# Portfolio volatility - Real life application

Given that a portfolio consists of Stock=USD 30, High-yield bonds(duration=5 years,spread duration=5 years) =USD 40 , Commodity = USD 30.

Taking the correlation between the bond yield and the stock may miss some information, such as duration, rolldown.
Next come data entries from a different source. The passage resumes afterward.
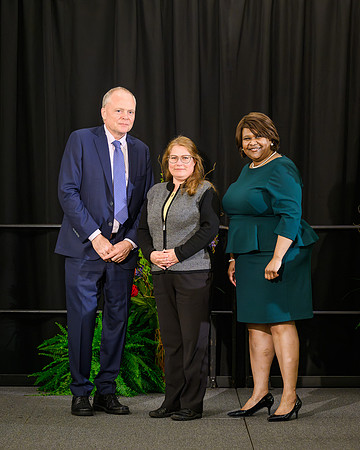 24MSU-ServiceAwards-Awards-026-edit-8x10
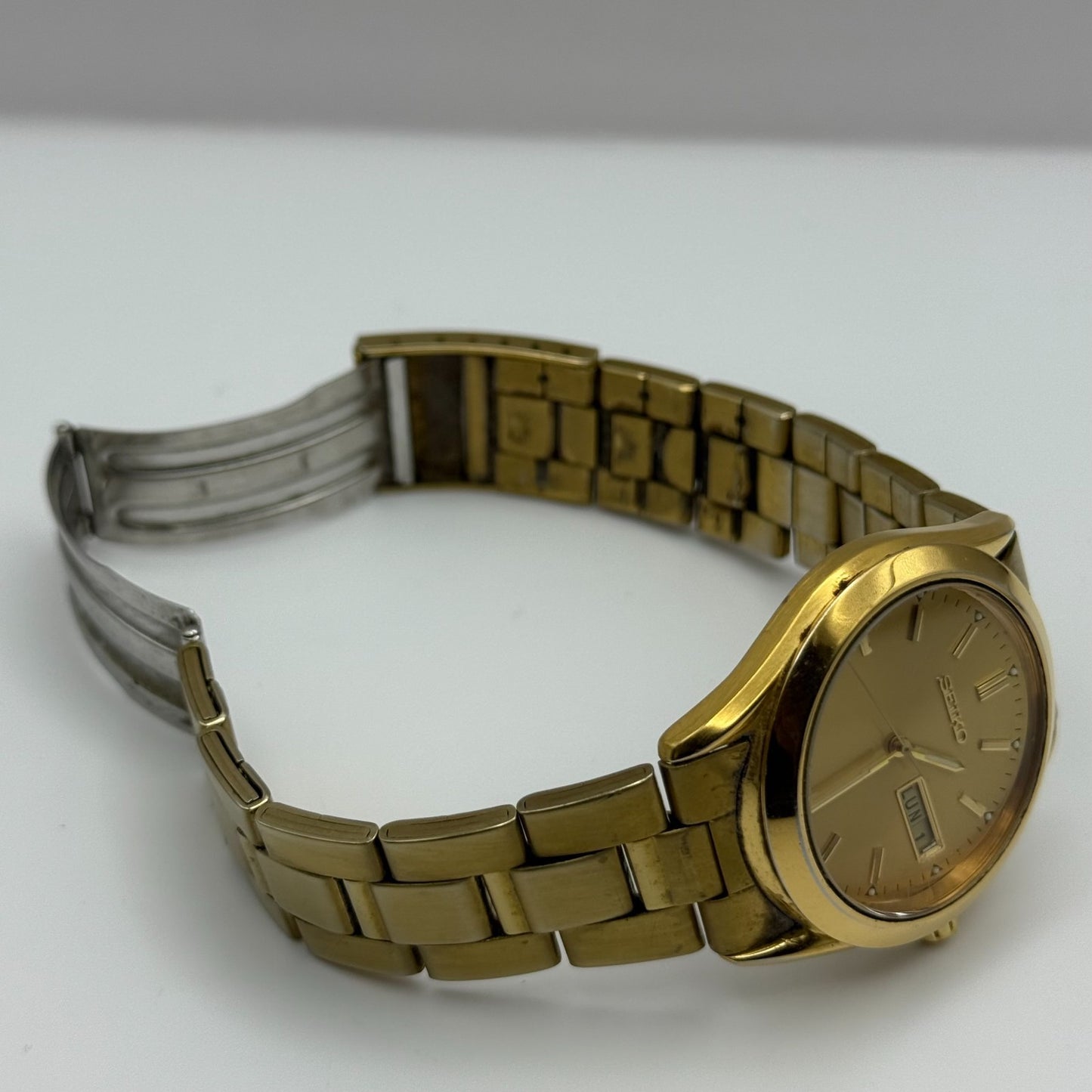 Seiko Mens Quartz Watch 7N43-9070 Gold Tone Bracelet Japan 36mm PARTS REPAIR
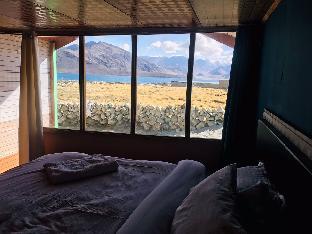 nirvana resort at pangong beach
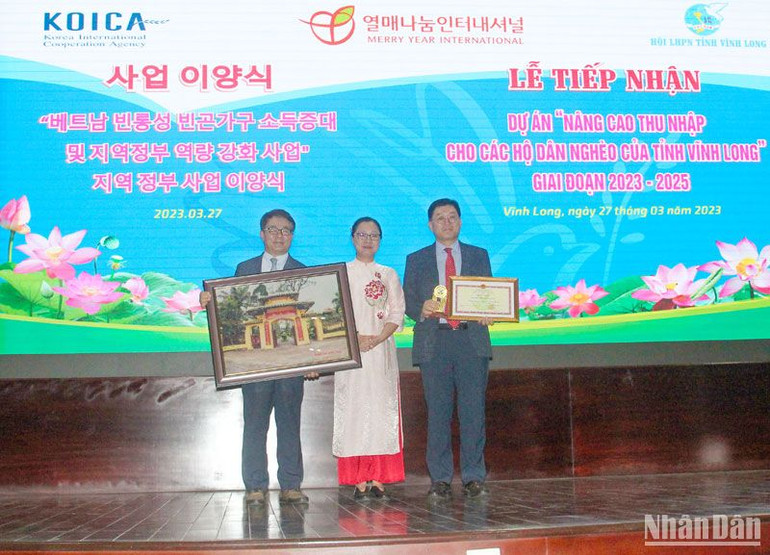 Phó Chủ tịch Ủy ban nhân dân tỉnh Vĩnh Long trao Bằng khen cho nhà tài trợ dự án. Phó Chủ tịch Ủy ban nhân dân tỉnh Vĩnh Long trao Bằng khen cho nhà tài trợ dự án.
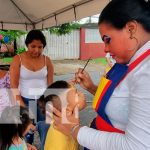 Managua: celebración en el barrio Francisco Meza: payasos y brinca brinca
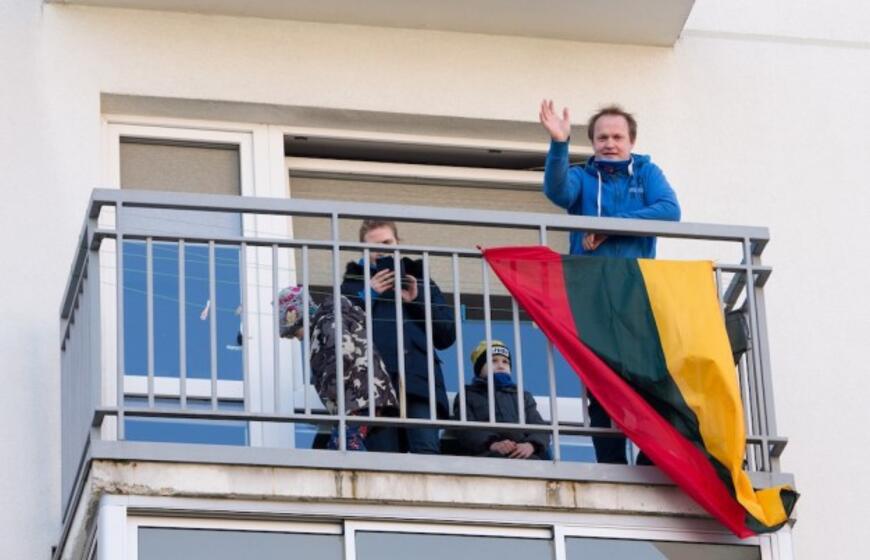 Nepakartojama - klaipėdiečiai uždainavo balkonuose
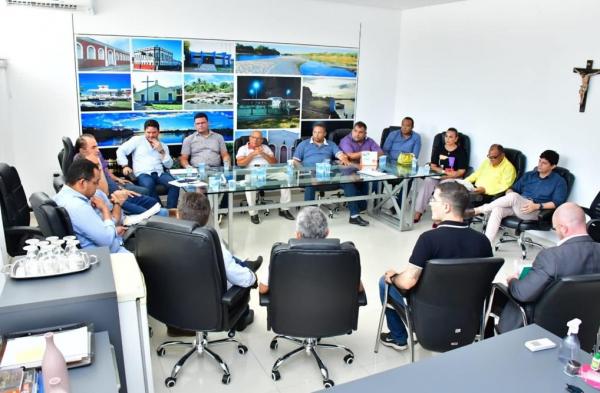Plano de Cargos e Salários: vereadores entregam demandas das categorias ao prefeito de Floriano(Imagem:CMF)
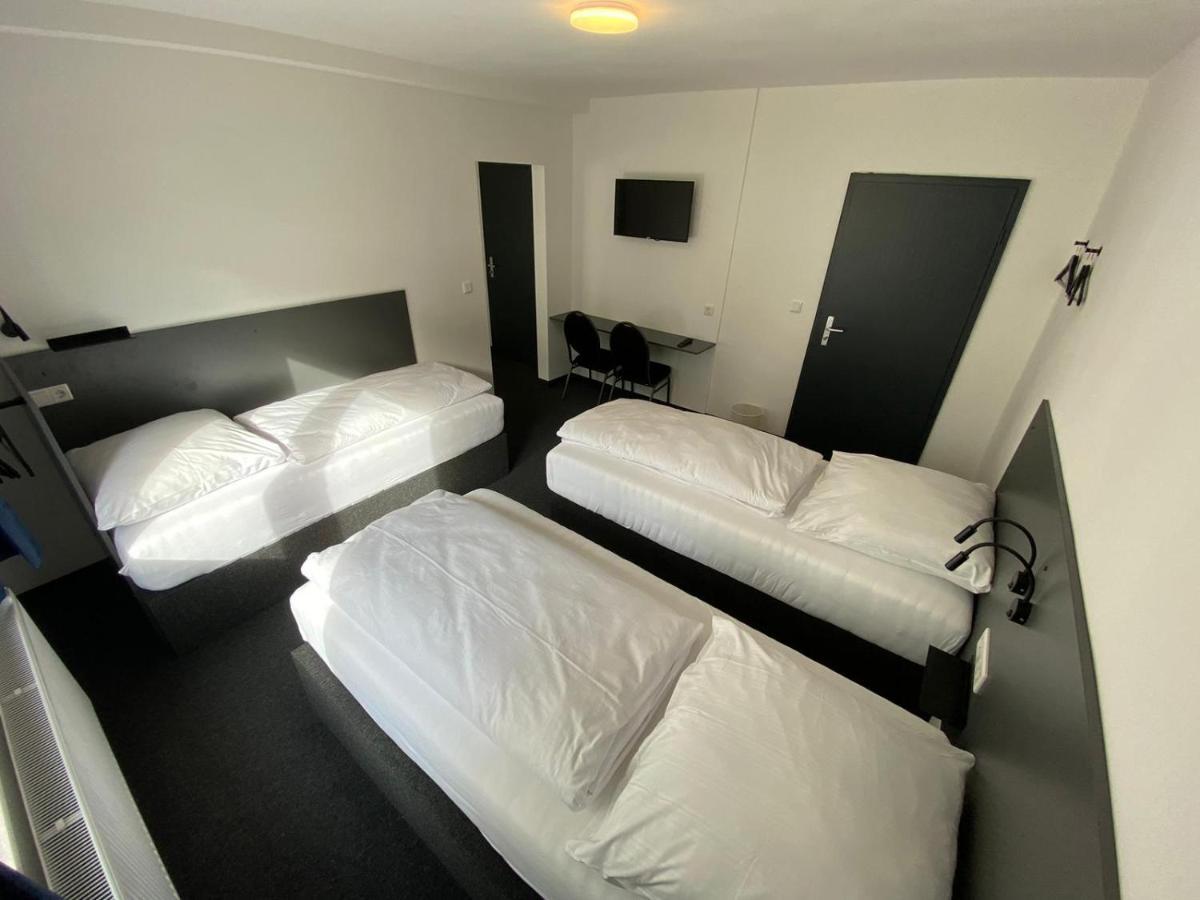 Zzzimple - Staffless & Self Check-In Hotell Pillig Exteriör bild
For calculating the returns of a Fixed income product over a period of time = PROD(1+r)-1

where r is the single period return

• Hi, I have only the data, BarCap US Corporate HY YTW - 10-Yr Treasury Spread for each month over the last 30 years. The portfolio has 5-year duration HY bond. May I ask what is the best way to calculate the correlation between this HY bond and equities (commodities respectively)? For equities and commodities, data are also monthly basis. – WantToLearnNewSkills Apr 16 at 17:31
• This index is tracking an ETF, which means that its Price is some weighted average of ETF Prices dealing with HY bonds. Therefore, you can consider its raw Returns like you do with equity and commodities. – Vitomir Apr 17 at 7:32
• I am abit confused on the explanation of CSI BARC Index. (Have attached new picture). Is this the bond yield or the treasury spread(meaning after minus treasury yield)? – WantToLearnNewSkills Apr 17 at 14:43
• Also, some data are: 30/6/2018= 3.63, 31/5/2018=3.55, 30/4/2018=3.31, which obviously is not price. Thus to find correlation with equities/commodities, I must take inverse? or any alternative way? – WantToLearnNewSkills Apr 17 at 14:50
• It seems to be a yield, the 10Y yield. So you can price the index. To do it, just consider the whole index as a bond with no coupons and 10Y maturity (use the spread as yield). Then use the price for the correlations. – Vitomir Apr 17 at 17:10

You actually don't need to worry about correlations. Just calculate the portfolio value over time using your fixed weights [.3, .4, .3].

The advantage of this approach is;

1. You don't have to worry about correlations.
2. You can use any volatility method you want (rolling window, GARCH, etc).